= Maximum segment size =

Transmission Control Protocol parameter

The maximum segment size (MSS) is a parameter of the Options field of the TCP header that specifies the largest amount of data, specified in bytes, that a computer or communications device can receive in a single TCP segment. It does not count the TCP header or the IP header (unlike, for example, the MTU for IP datagrams). The IP datagram containing a TCP segment may be self-contained within a single packet, or it may be reconstructed from several fragmented pieces; either way, the MSS limit applies to the total amount of data contained in the final, reconstructed TCP segment.

To avoid fragmentation in the IP layer, a host must specify the maximum segment size as equal to the largest IP datagram that the host can handle minus the IP and TCP header sizes. Though there is no minimum required MSS defined in IETF RFCs, there is a minimum MTU, and so a default MSS is calculated by subtracting the minimum IP and TCP header sizes from the MTU. For example, IPv4 hosts typically default to an MSS of 536 octets (= 576 − 20 − 20) and IPv6 hosts generally are able to handle an MSS of 1220 octets (= 1280 − 40 − 20).

Small MSS values will reduce or eliminate IP fragmentation but will result in higher overhead.

Each direction of data flow can use a different MSS.

For most computer users, the MSS option is established by the operating system.

TCP options size (Variable 0–320 bits, in units of 32 bits) must be deducted from MSS size if TCP options are enabled. For example, TCP Time Stamps are enabled by default on Linux platforms.

==Default value==
The default TCP Maximum Segment Size for IPv4 is 536. For IPv6 it is 1220. Where a host wishes to set the maximum segment size to a value other than the default, the maximum segment size is specified as a TCP option, initially in the TCP SYN packet during the TCP handshake. The value cannot be changed after the connection is established.

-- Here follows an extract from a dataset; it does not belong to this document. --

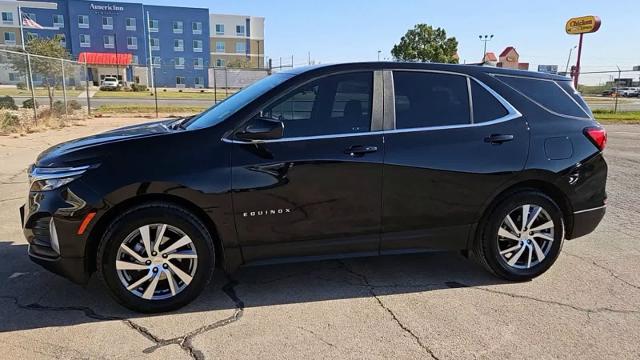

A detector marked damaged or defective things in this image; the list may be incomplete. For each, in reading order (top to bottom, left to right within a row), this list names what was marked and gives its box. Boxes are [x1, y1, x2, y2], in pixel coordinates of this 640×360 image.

cracked asphalt [1, 119, 640, 360]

==Inter-layer communication==

In order to notify MSS to the other end, an inter-layer communication is done as follows:
- The Network Driver (ND) or interface should know the Maximum transmission unit (MTU) of the directly attached network.
- The IP should ask the Network Driver for the Maximum Transmission Unit.
- The TCP should ask the IP for the Maximum Datagram Data Size (MDDS). This is the MTU minus the IP header length (MDDS = MTU − IPHdrLen).
- When opening a connection, TCP can send an MSS option with the value equal to: MDDS − TCPHdrLen. In other words, the MSS value to send is: MSS = MTU − TCPHdrLen − IPHdrLen

While sending TCP segments to the other end, an inter-layer communication is done as follows:
- TCP should determine the Maximum Segment Data Size (MSDS) from either the default or the received value of the MSS option.
- TCP should determine if source fragmentation is possible (by asking the IP) and desirable.
  - If so, TCP may hand to IP, segments (including the TCP header) up to MSDS + TCPHdrLen.
  - If not, TCP may hand to IP, segments (including the TCP header) up to the lesser of (MSDS + TCPHdrLen) and MDDS.
- IP checks the length of data passed to it by TCP. If the length is less than or equal MDDS, IP attaches the IP header and hands it to the ND. Otherwise, the IP must do source fragmentation.

==MSS and MTU==
MSS is sometimes conflated with MTU/PMTU, which is a characteristic of the underlying link layer, while MSS applies specifically to TCP and hence the transport layer. The two are similar in that they limit the maximum size of the payload carried by their respective protocol data unit (frame for MTU, TCP segment for MSS), and related since MSS cannot exceed the MTU for its underlying link (taking into account the overhead of any headers added by the layers below TCP). However, the difference, in addition to applying to different layers, is that (1) MSS can have a different value in either direction and that (2) frames exceeding the MTU may cause packets (which encapsulate segments) to be fragmented by the network layer, while segments exceeding the MSS are simply discarded.